As he neared the N.D.S. door, Trevayne reconsidered the logic of its location; it was, after all, quite proper that N.D.S. be close to the offices of those who needed it most.

In essence, why he was there.

Trevayne put the papers down on the table. It was a few minutes after five, and he’d been reading in the small cubicle for nearly an hour. He rubbed his eyes and saw that one of the minor custodians was looking through the glass-paneled door; it was past closing, and the clerk was anxious to shut the office and leave. Trevayne would give him a ten-dollar bill for the delay.

It was a ludicrous exchange. Information involving—at a rough estimate—two hundred and thirty million for the gratuity of ten dollars.

But there it was—two increases of 148 million and 82 million respectively.
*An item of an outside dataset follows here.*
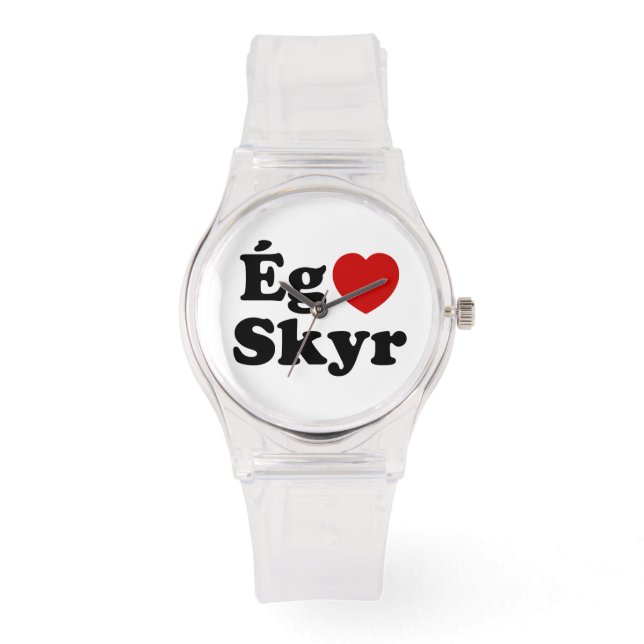Montre I Heart (Love) Skyr [Ég Elska Skyr] Islandais (Recto)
Each increase predominantly the result of defense contracts—coded as «DF» in the schedules; both «unexpected,» if Trevayne’s newspaper reading was accurate. Sudden windfalls for each constituency.

Yet both had been predicted with incredible accuracy by the two candidates running for reelection in their respective states.

California and Maryland.

Senators Armbruster and Weeks. The short, compact pipe-smoking Armbruster. And Alton Weeks, the polished aristocrat from Maryland’s Eastern Shore.

Armbruster had faced a tough challenger for his incumbency. Northern California’s unemployment was dangerously, if temporarily, high, and the polls indicated that his opponent’s attacks on Armbruster’s failure to garner government contracts were having an effect on the voters. Armbruster, in the last days of the campaign, suddenly injected a subtle note that probably turned the election in his favor. He insinuated that he was in the process of obtaining defense money in the neighborhood of one hundred and fifty million. A figure which even the state economists admitted was sufficient to prime the pumps of the state’s northern recovery.

Weeks: also an incumbent, but faced not so much by competition as by a campaign deficit. Money was tight in the Maryland coffers, and the prestigious Weeks family reluctant to underwrite the entirety. According to the Baltimore Sun, Alton Weeks met privately with a number of Maryland’s leading business figures and told them Washington’s purse strings were loosening. They could be assured of a minimum of eighty million directed into Maryland’s industrial economy… Weeks’s campaign resources were suddenly substantial.

Yet the election of both senators had taken place six months prior to each allocation. And although it was possible that both men had been huddling with defense appropriations, it wasn’t logical that they could have been so precise as to the amounts. Not unless arrangements were made; arrangements more concerned with politics than with national security.

And both senators dealt with the same Defense contractor.

Genessee Industries.

Armbruster funded developments in Genessee’s new high-altitude Norad interceptors, a questionable project from the outset.

Weeks had managed to finance an equally suspect undertaking with a Maryland subsidiary of Genessee’s. A coastal radar network improvement «justified» by two isolated aircraft penetrating the coastal screen several years ago.